By Adrian Levy and Catherine Scott-Clark
Penguin, Delhi, 2007, pp. 586, Rs. 595.00


Two decades ago, at the height of the Brasstacks exercise close to the Indo-Pak border by the Indian military, Pakistan decided that it would make public its possession of nuclear weapons. The intention of the military rulers who then ruled Pakistan was to put India on notice that Pakistan had acquired a nuclear deterrent that rendered India’s conventional superiority impotent. The instrument they chose for the purpose of this public confession of a hitherto strictly clandestine operation was A.Q. Khan who in Strangelove-ian fashion earned himself the sobriquet of ‘Father of the Islamic Bomb’.   Pakistan had never made secret of its ambition to acquire the Bomb.
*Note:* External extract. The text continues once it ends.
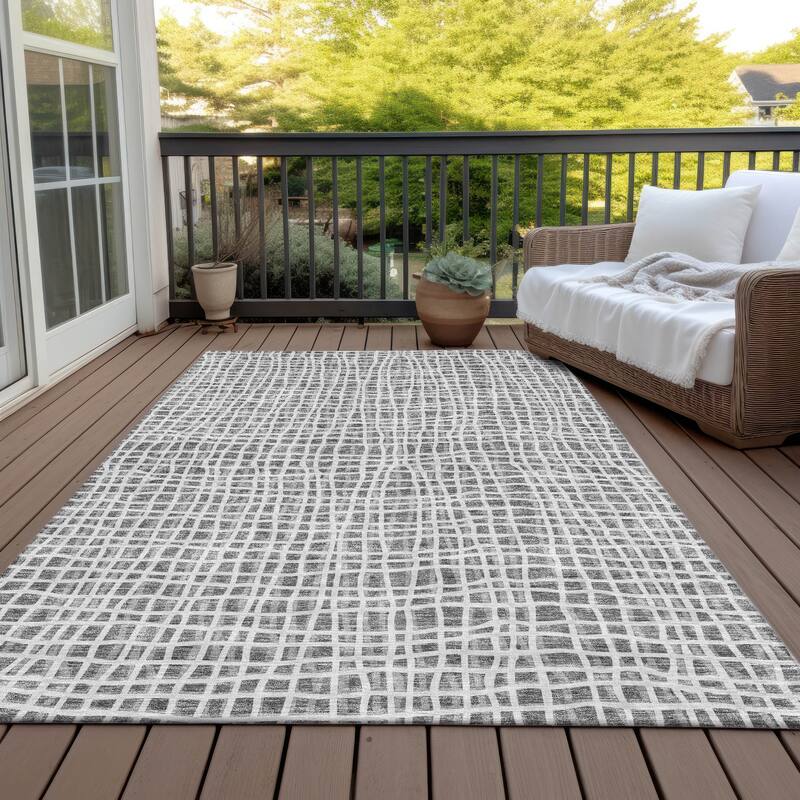 Machine Washable Indoor/ Outdoor Chantille Modern Abstract Rug - Gray - 5' x 7'6"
Iqbal Akhund, a former Pakistani diplomat, has recorded that as far back as in 1965, when Zulfiqar Ali Bhuttto became Foreign Minister in the military regime of Field Marshal Ayub Khan, he had gathered together a team to work on this project. Agha Shahi noted that 1965 was a critical year. ‘We made a pact with China that ushered in decades of assistance that we could not have got elsewhere.’ It did not get very far at that time partly because Pakistan then lacked the human and material wherewithal and the Ayub regime was unable and unwilling to make the investment for it and partly because Bhutto’s own tenure in government was shortlived. He revived that project in 1972 when he became the first civilian Chief Martial Law Administrator following the humiliation of the Pakistan Army and the country’s break up. By 1974, he had come to the conclusion that A.Q. Khan, then at URENCO in Holland, was the ‘only man’ who could fulfill his dream. Khan returned to Pakistan in 1975 and within months had the authorization to build the Engineering Research Laboratories in Kahuta that later came to be named after him. The chosen route was uranium enrichment; the time-frame seven years.   How did Pakistan manage to make the bomb during times when the country was the largest CIA station and awash with intelligence and other operatives and most of the countries who were the source of the large amount of foreign assistance that poured in were united in the single purpose of ousting the Soviet presence from Afghanistan and not in permitting Pakistan to become the possessor of the first ‘Islamic Bomb’? The Pakistani rulers had made their intentions clear to the Reagan administration at the very outset. General K.M. ...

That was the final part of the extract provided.